So here I find myself, living in a place for four years and still not feeling like I fit. Still not having a single friend to go have a coffee with because I don’t know how to pretend to be a “normal” person. And my life, while shocking to others, is just my life, and I don’t know what the hell else to talk about if I’m supposed to keep all that hidden. I don’t know how to do small talk. You can’t talk politics, or religion, you can’t talk about anything deep or personal. You can’t talk about being poor, because you’re supposed to pretend you’re not. You can’t talk about your experience if it doesn’t match the ideal. People either pity you or gossip about you. Or just flat out judge you. What’s left? I don’t know. I’ve never known and I probably never will. And I just wish all the stigma about all these things could just go away already. And I wish people could be trustworthy so that I could talk about my own life without becoming the evening entertainment for someone else. And I wish people could just be real and talk about what their lives are really like instead of putting on a facade that makes me feel like a freak of nature. Everyone but me can’t have lived a flawless life so far, it isn’t statistically possible.

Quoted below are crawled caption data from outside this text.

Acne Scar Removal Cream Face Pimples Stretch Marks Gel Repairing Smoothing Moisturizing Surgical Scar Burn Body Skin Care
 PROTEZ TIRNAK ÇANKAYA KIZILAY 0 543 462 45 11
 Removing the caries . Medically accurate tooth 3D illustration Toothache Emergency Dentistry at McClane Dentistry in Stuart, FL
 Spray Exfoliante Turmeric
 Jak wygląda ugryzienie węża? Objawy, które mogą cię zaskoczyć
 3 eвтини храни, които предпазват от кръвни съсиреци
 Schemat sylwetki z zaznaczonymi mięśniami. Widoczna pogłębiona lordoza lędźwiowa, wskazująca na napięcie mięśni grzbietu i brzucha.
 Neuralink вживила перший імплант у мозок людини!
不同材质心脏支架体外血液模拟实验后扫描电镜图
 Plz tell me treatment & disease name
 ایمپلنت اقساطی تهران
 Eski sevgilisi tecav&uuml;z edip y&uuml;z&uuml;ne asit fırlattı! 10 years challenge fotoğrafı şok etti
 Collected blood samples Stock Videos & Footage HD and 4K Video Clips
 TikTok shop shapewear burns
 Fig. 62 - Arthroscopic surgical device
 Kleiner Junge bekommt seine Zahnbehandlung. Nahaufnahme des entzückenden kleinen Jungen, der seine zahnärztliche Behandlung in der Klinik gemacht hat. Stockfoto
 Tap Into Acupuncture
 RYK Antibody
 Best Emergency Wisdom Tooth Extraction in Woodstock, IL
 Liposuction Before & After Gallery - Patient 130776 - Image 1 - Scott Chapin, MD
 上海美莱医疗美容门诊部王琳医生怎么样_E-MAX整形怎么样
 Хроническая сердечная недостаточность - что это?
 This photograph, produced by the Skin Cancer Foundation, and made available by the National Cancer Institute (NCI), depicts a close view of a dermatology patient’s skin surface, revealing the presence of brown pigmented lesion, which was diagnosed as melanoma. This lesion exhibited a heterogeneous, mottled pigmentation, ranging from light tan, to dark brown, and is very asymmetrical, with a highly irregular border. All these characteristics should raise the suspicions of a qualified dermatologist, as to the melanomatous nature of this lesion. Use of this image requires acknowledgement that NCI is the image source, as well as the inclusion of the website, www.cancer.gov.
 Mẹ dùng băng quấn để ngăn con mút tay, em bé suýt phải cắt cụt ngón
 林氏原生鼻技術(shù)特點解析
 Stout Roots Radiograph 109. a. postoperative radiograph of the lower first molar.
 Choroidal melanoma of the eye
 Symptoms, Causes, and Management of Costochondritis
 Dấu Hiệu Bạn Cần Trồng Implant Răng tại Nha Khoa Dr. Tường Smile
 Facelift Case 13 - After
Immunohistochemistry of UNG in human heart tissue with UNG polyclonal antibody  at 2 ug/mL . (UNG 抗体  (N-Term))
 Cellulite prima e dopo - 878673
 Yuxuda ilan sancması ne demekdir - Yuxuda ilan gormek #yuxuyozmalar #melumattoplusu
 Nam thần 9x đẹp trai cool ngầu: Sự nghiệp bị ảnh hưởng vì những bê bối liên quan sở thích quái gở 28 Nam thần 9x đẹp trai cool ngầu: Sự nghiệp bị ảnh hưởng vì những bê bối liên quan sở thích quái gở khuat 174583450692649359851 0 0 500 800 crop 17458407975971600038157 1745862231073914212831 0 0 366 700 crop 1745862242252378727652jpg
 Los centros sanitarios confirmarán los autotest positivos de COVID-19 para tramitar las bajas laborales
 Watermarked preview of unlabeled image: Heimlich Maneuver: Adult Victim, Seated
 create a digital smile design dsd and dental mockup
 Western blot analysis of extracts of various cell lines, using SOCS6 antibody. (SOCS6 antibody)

So, hey, reach out! I’m here, and I want to hear your nitty-gritty. I want to hear your tragedy. I want to hear your mistakes, your regrets. I want to hear your longing. I want to hear what you really need to talk about but felt like you couldn’t discuss because you’d be judged. I want to hear what you never spoke aloud because you thought maybe it was trivial or crazy. I want to hear about your dreams, your passions. Those subjects that light you up and you can’t stop chattering about until you realize nobody’s listening. I’m listening! Fuck the taboos, fuck the stigma. Talk to me. The only way we’ll make this change, break these stigmas, is to just dive in and do it. Let’s be real together, and then, let’s heal together. Lose the shame, lose the judgment. Let’s just be who we are.